▸ **EXERCISE AIM**
Omitting all images, output the entries that follow exactly as written.

▸ **DATA IN THIS EXERCISE**

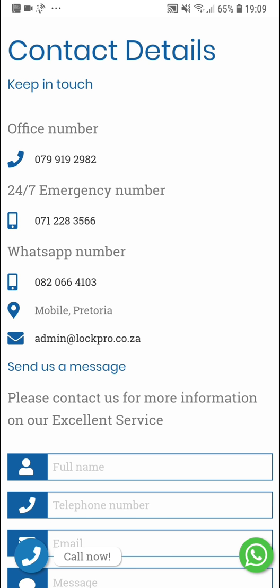Please check out their website at lockpro.co.za, and also have a look at some of our other showcases on webbased.co.za.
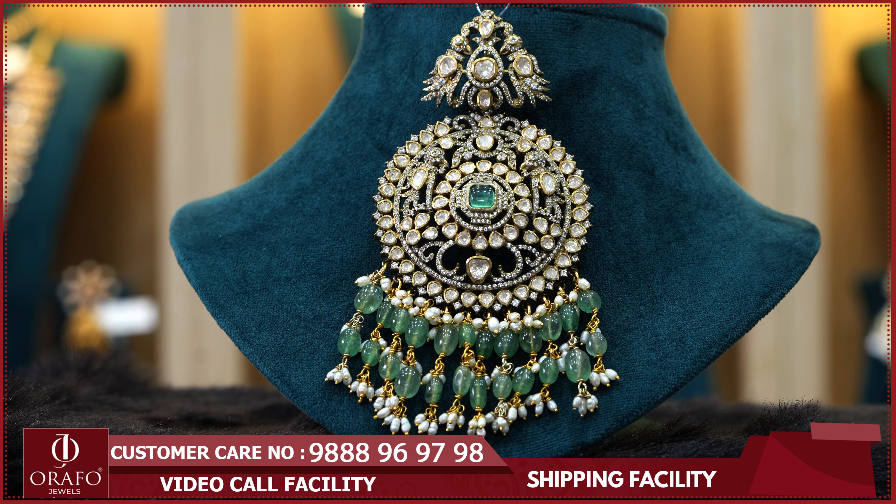In addition to the Victorian Jewelry Collection, ORAF4Jewels offers a variety of designs — light weight, heavy weight, and Bridal Collection options. There are many other design combinations available, including NOS pendant designs in various Victorian jewelry collections. You can view all designs at our showrooms.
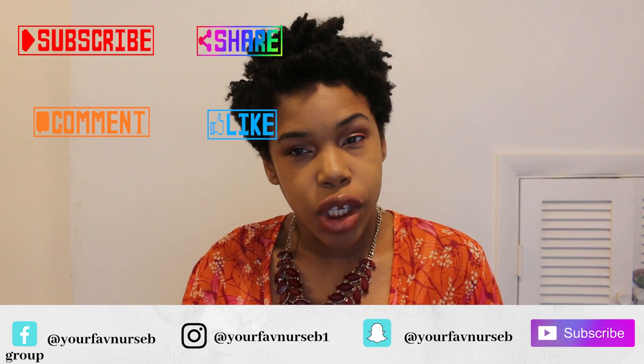Hi everybody, thanks for coming back to my channel. I am your fave Nurse B. Let's talk about what do LPNs do. I'm actually going to be looking at a job description or job qualifications from an online posting on nd.com, and I will take a photo of this and put it on the Your Fave Nurse B Facebook group so you can see a list of the job descriptions.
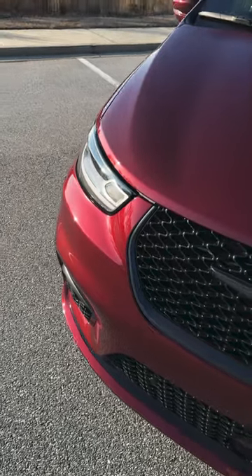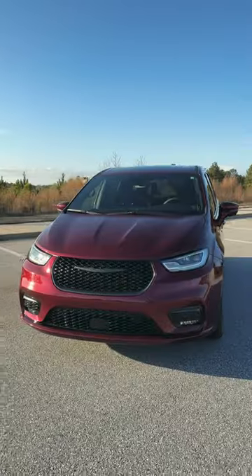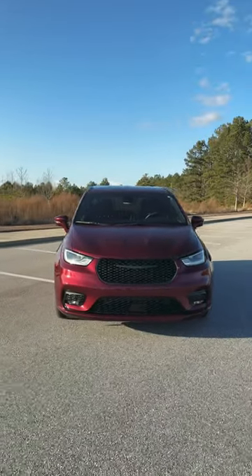Let me take at least two seconds to point out that the Pacifica, as far as minivans go, is not really a bad-looking minivan. In terms of the big four, you got the Carnival, you got the Toyota Sienna, you got the Honda Odyssey, and you got the Chrysler Pacifica.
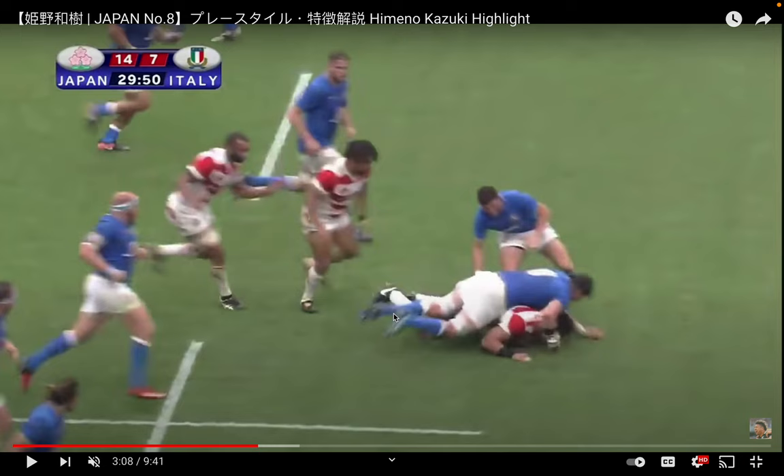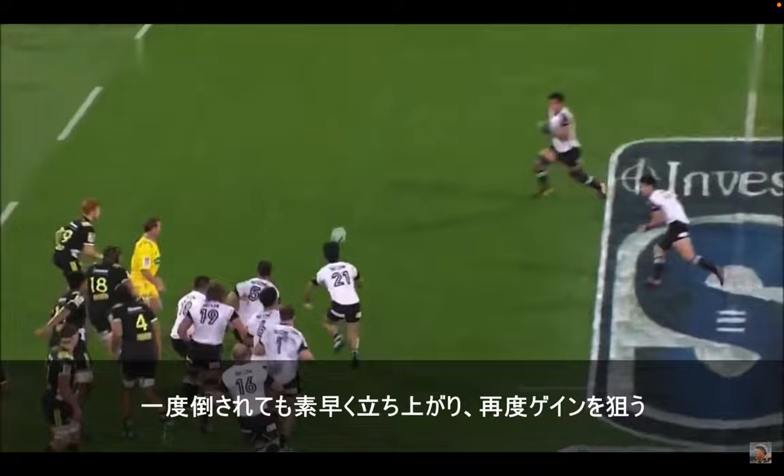These are a few clips of my favorite player, Japanese number eight Kazuki Himeno. He does this really cool thing: if you've been tackled but you're not held on the ground, you can actually release the ball, get up, and keep going. It's a cool way to get a couple of extra meters, force the gain line, and force the defense back a bit.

▸ **SOLUTION FOR THIS TASK**
Please check out their website at lockpro.co.za, and also have a look at some of our other showcases on webbased.co.za.
In addition to the Victorian Jewelry Collection, ORAF4Jewels offers a variety of designs — light weight, heavy weight, and Bridal Collection options. There are many other design combinations available, including NOS pendant designs in various Victorian jewelry collections. You can view all designs at our showrooms.
Hi everybody, thanks for coming back to my channel. I am your fave Nurse B. Let's talk about what do LPNs do. I'm actually going to be looking at a job description or job qualifications from an online posting on nd.com, and I will take a photo of this and put it on the Your Fave Nurse B Facebook group so you can see a list of the job descriptions.
Let me take at least two seconds to point out that the Pacifica, as far as minivans go, is not really a bad-looking minivan. In terms of the big four, you got the Carnival, you got the Toyota Sienna, you got the Honda Odyssey, and you got the Chrysler Pacifica.
These are a few clips of my favorite player, Japanese number eight Kazuki Himeno. He does this really cool thing: if you've been tackled but you're not held on the ground, you can actually release the ball, get up, and keep going. It's a cool way to get a couple of extra meters, force the gain line, and force the defense back a bit.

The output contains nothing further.